L'histoire :
Kino, pêcheur de perles miséreux, vit avec sa femme Juana et son très jeune fils Coyotito, dans une hutte du littoral mexicain. La journée, il s’éloigne un peu en barque, puis plonge en apnée en se lestant d’une pierre pour atteindre les fonds marins, où il « cueille » au couteau de quoi assurer une maigre subsistance à sa famille. Ils vivent très modestement, mais cela leur suffit apparemment pour être heureux. Or un jour, un scorpion grimpe au plafond de la hutte, descend depuis les cordes jusqu’au berceau de Coyoyito et plante son dard dans l’épaule du bébé. L’enfant réveille ses parents avec ses pleurs. Kino tue aussitôt ce maudit insecte et il emmène sa petite famille dès l’aube, afin de consulter un docteur. Le fils du médecin les accueille sur le perron de leur villa cossue. Il répond aux indiens que le médecin n’est pas là. Car il sait que les indiens n’auront pas un centime pour le payer. Et son père, occupé à petit-déjeuner goulument dans une pièce du fond est bien d’accord avec cette manière de voir les choses. Kino s’en retourne à sa hutte en ayant compris qu’il lui faut de l’argent pour soigner son fils. Il décide alors d’aller aussitôt pêcher des perles parmi les plus belles et de les vendre. Il sait où l’on trouve les plus belles, ces perles ont fait jadis la fortune du roi d’Espagne…
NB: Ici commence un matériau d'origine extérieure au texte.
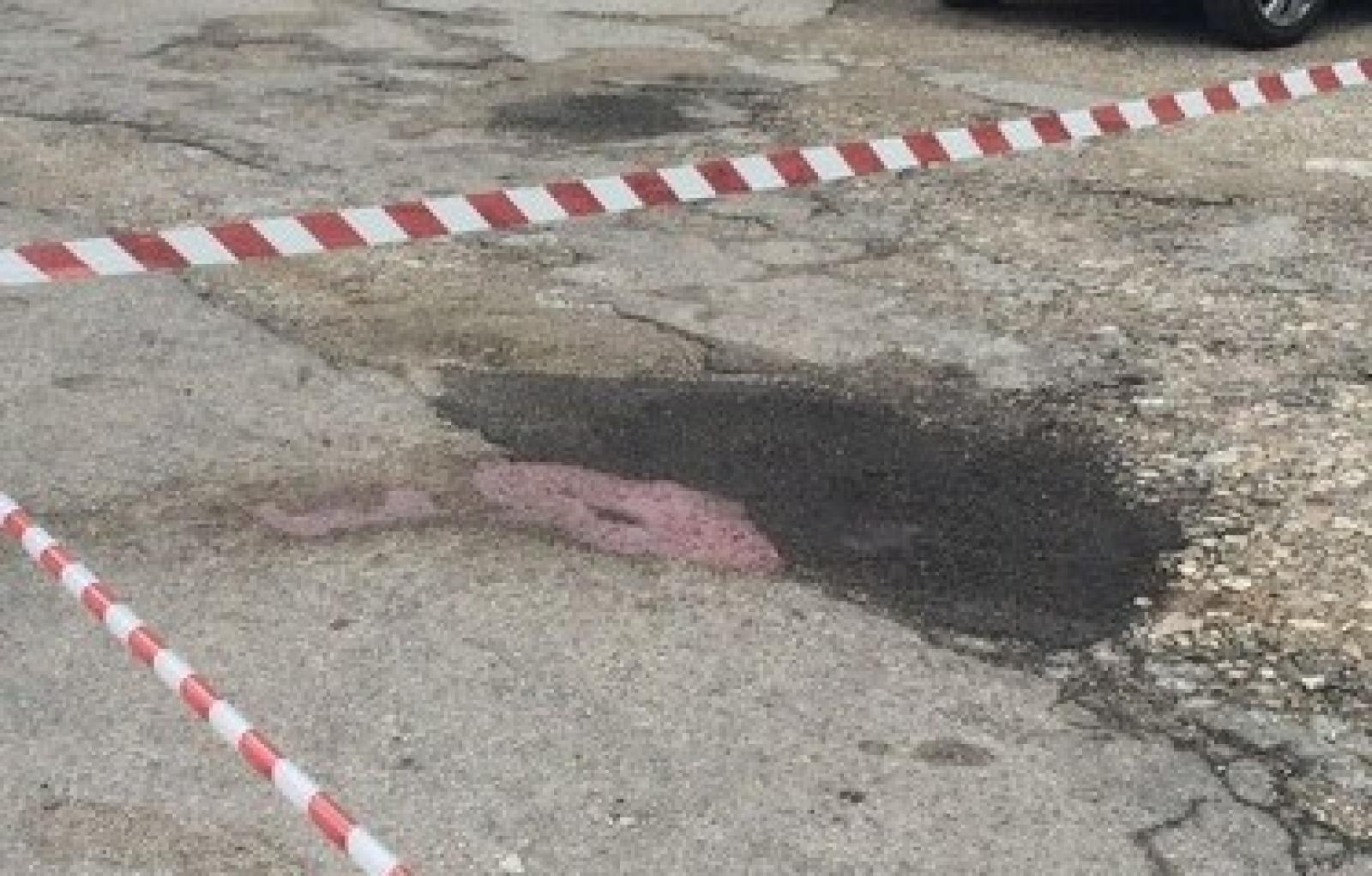 macchia sangue ex caserma vigili del fuoco.JPG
Ce qu'on en pense sur la planète BD :
En tant qu’auteur complet – c’est assez rare pour être souligné ! – Jean-Luc Cornette adapte ici un roman court de John Steinbeck (publié en 1947). La tragédie qui arrive à ce pêcheur de perles est à aborder comme une fable, une parabole lourde de sens. Au premier degré, on peut y voir une leçon sur la cupidité : l’argent ne fait pas le bonheur. Le malheur qui frappe Kino, par le truchement d’une richesse aussi soudaine que basique (une perle est une bête sphère) est à rapprocher de celui qui frappe le bushman du film Les dieux sont tombés sur la tête, lorsque son village ne parvient pas à gérer un outil trop convoité (une bouteille de coca vide). Mais la morale cynique de La perle cerne aussi l’inamovible et injuste répartition de l’humanité en castes ; ou encore le rapport douloureux entre la pulsion de la révolution et la résignation imposée. Et pourtant, à chaque instant, chaque lecteur comprendra et soutiendra les décisions que prend notre pêcheur face à la cruauté de son destin et de sa condition. Etayé par un dessin stylisé, simple, anguleux et complété par une colorisation en aplats, Cornette utilise une narration largement muette, ce qui renforce la dimension universelle de la parabole. A défaut d’atteindre des sommets artistiques, la lisibilité est optimale et la fable éloquente rappelle le génie de Steinbeck.